Jeff makes the perfect point about 'thing being done' but that doesn't make it right.

At present Scottish Ballet receives over £3,000,000 ($5.8 million US) in annual funding. Compared to the money given to Scottish Dance Theatre (their contemporary counterpart) who receive just £500,000, we don't see them deploying these type of tactics to raise a few extra pennies. Believe me, if they do they'll be getting just as much stick.

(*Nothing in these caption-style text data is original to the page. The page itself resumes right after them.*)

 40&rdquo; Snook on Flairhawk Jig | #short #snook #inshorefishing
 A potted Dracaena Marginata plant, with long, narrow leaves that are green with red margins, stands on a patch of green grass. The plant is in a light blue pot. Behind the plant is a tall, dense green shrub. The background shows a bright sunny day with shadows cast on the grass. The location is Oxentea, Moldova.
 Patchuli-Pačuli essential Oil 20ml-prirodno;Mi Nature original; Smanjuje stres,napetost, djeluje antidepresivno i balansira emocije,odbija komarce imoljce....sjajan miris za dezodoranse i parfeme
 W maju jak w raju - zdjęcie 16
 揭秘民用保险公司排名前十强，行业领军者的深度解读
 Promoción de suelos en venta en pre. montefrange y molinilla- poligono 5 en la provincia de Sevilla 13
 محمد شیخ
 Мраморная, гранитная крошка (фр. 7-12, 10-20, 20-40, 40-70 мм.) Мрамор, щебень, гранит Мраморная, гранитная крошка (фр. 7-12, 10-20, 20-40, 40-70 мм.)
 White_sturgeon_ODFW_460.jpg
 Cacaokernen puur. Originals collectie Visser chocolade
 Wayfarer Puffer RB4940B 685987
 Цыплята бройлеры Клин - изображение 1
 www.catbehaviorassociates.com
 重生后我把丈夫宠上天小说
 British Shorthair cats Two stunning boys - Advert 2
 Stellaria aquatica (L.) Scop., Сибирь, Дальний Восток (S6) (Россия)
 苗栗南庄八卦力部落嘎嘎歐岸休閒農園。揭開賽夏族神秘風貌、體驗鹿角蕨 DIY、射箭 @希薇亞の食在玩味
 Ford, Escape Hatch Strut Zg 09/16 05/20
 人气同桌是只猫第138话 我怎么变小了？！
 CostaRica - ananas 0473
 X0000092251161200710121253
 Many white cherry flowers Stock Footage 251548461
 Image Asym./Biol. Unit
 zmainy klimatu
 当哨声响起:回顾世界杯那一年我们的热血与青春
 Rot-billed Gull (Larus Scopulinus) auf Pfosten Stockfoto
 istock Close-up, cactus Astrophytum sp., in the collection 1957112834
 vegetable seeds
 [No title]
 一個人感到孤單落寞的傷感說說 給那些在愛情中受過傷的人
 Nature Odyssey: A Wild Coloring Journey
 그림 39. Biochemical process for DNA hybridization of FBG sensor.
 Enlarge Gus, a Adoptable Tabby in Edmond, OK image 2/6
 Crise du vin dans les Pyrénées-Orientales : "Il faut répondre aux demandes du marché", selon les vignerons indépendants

This auction is set to raise next to nothing in comparison so the benefit to the company is a moot point. (We're also slightly suspicious that the current bidder on Soon Ja Lee joined eBay today and is called Bidder 3!)

Whatever the motivation, it is and will be forevermore, unethical to offer this type of contact with a dancer in exchange for money. That NYCB, ABT or anyone else does it odes not make it right.

In response to what the sponsors get in return, they get free tickets, free drinks, and a chance to associate their name with something that has a little more credibility than their, usually, dubious business practices.

If you want to use the company to raise money then let them do what they do, dance, to raise that money. There are many ways to achieve this which are both ethical, dignified and they don't turn Scottish Ballet into a publicly funded escort service.

One final thing, the 'press release' you mentioned above was nothing of the sort, it was a canned email sent to some of our readers who complained to Scottish Ballet.